At this point it's just a guess, but there may be a fuse blown on the board and that may have left your PS2 and USB inoperative. The fuse would be a flat device that looks similar to a surface mount resistor or capacitor, and it's nomenclature on the board will be F and a number greater than zero. Checking it for continuity with a digital multimeter is a good idea.


----------



## natetheros (Jan 28, 2005)

I do have a multimeter and can look into that.

However, my optical mouse appears to work (lights up and responds during boot, whereas the keyboard does not) when plugged into either the PS2 or USB ports. Could this rule out the fuse issue?


----------



## batty_professor (Jul 29, 2004)

Yes that does rule out the fuse. I'll be back.


----------



## natetheros (Jan 28, 2005)

Thanks! 

There's more info on the actual problem here: http://www.techsupportforum.com/showthread.php?t=36360

Based on the things I've tried, the problem seems BIOS-related. It's possible that it's a hardware problem, but that doesn't explain the behaviors noted here and in the link above. It's also worth noting that I don't get any "keyboard errors" at startup... it's as if it's not even looking for a keyboard, or it thinks some other keyboard is plugged in (which there isn't).

I'm curious if there's a way to flash the bios without a keyboard, or if there's a boot utility that will help me troubleshoot input devices.


----------



## batty_professor (Jul 29, 2004)

have you tried booting from like a 98 floppy?
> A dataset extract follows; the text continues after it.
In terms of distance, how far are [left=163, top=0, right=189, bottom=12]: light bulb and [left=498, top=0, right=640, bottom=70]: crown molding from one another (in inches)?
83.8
The command set contained within will seek a keyboard, and also prove/disprove it's function.

BTW if this works, then a flash is possible since the same basic DOS command set is used on the bios update floppy.


----------



## natetheros (Jan 28, 2005)

Haven't tried a Win98 floppy per se, but I did try the following:

Windows 98 Boot CD
Windows 2000 Pro Boot CD
Windows XP Pro Boot CD
Redhat 9 Boot CD
Ultimate Boot CD (http://www.ultimatebootcd.com)

All booted, but none of them indicated there was a keyboard problem (regardless of whether the keyboard was actually plugged in or not), and none of them recognized any input from any keyboard.

Strange. It's still as if it's not even looking for a keyboard, or it thinks some other keyboard is plugged in.


----------



## batty_professor (Jul 29, 2004)

Ok, default the bios, (move the cmos jumper from norm to clr. for 30 sec's or so, and back to norm.) see if that helps.


----------



## johnwill (Sep 26, 2002)

natetheros said:


> I do have a multimeter and can look into that.
> 
> However, my optical mouse appears to work (lights up and responds during boot, whereas the keyboard does not) when plugged into either the PS2 or USB ports. Could this rule out the fuse issue?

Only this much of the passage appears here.